The operations of the federal government will be most extensive and important in times of war and danger; those of the State governments, in times of peace and security. As the former periods will probably bear a small proportion to the latter, the State governments will here enjoy another advantage over the federal government. The more adequate, indeed, the federal powers may be rendered to the national defense, the less frequent will be those scenes of danger which might favor their ascendancy over the governments of the particular States.”
Federalist No. 46 (The Influence of the State and Federal Governments Compared)
In Federalist No. 46, James Madison explains that State governments should, as a matter of course, trump the Federal Government. Even in the event of a military confrontation, the sheer numbers would favor the State governments. 46 is sometimes cited as a basis for gun ownership rights. In it, Madison assumes that a regular army could not, as a practical matter, exceed 1/100 of the population or 1/25 of able-bodied citizens; whereas a militia would be 20 times that number. ”Besides the advantage of being armed, which the Americans possess over the people of almost every other nation, the existence of subordinate [State] governments, to which the people are attached, and by which the militia officers are appointed, forms a barrier against the enterprises of ambition, more insurmountable than any which a simple government of any form can admit of.”
The fundamental principle of our constitution is repeated: The constitution is a balance between reserving power and rights to the states, while enabling the federal government to do those specific things that the states cannot do (or do as well) as the central government. For the reasons stated in Federalist No. 46, Madison tried to allay the anxiety about the federal government assuming too much power.
Federalist No. 51
In Federalist No. 51, Madison stresses the importance of the separation of powers in the Constitution. This separation protects against excessive power in any one branch. “In republican government, the legislative authority [Congress] necessarily predominates.” Congress is therefore divided into 2 parts, each a check on the other. The President has less power, and therefore is given a veto, which can be overridden by a 2/3 vote of both houses.
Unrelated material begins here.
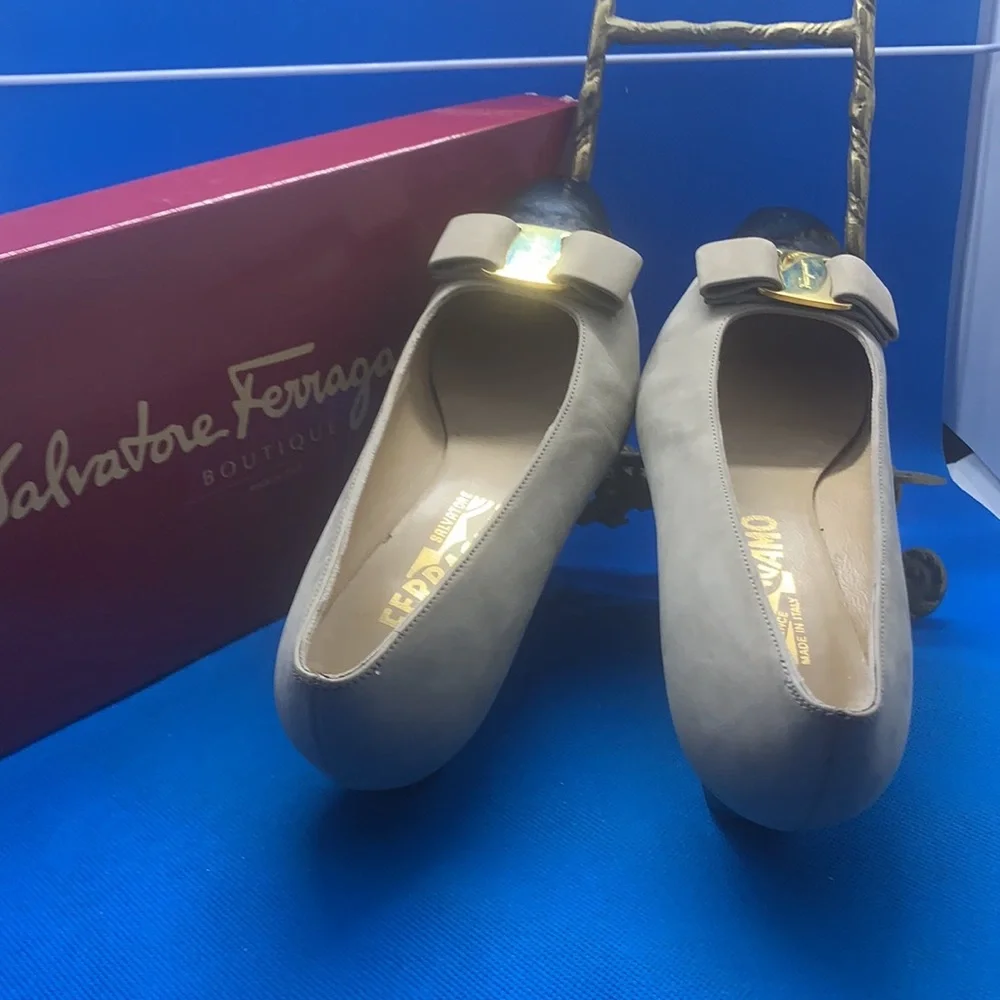 Salvatore‎ Ferragamo bow Pumps 5.5 B Beige suede black patent leather toe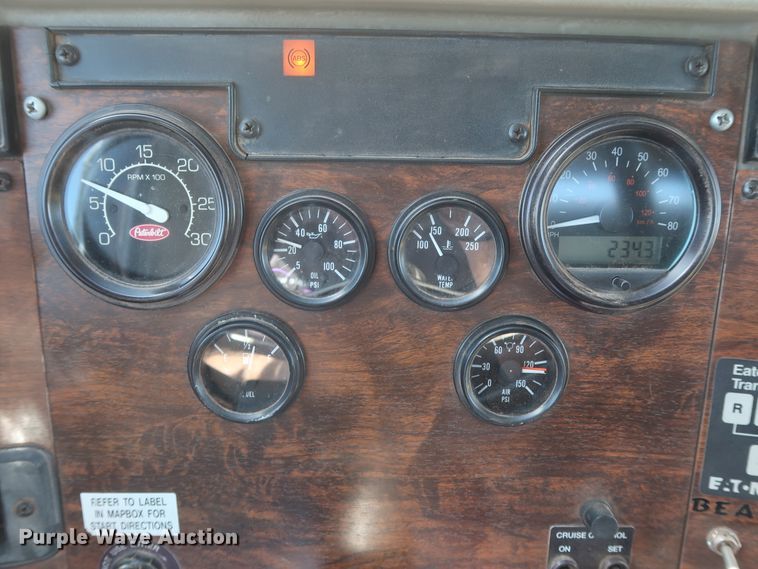 image for item DG7134 1998 Peterbilt 330 service truck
There are a few gems in Federalist 51:
If men were angels, no government would be necessary. If angels were to govern men, neither external nor internal controls on government would be necessary. In framing a government which is to be administered by men over men, the great difficulty lies in this: you must first enable the government to control the governed; and in the next place oblige it to control itself. A dependence on the people is, no doubt, the primary control on the government; but experience has taught mankind the necessity of auxiliary precautions. ***
Justice is the end of government. It is the end of civil society. It ever has been and ever will be pursued until it be obtained, or until liberty be lost in the pursuit.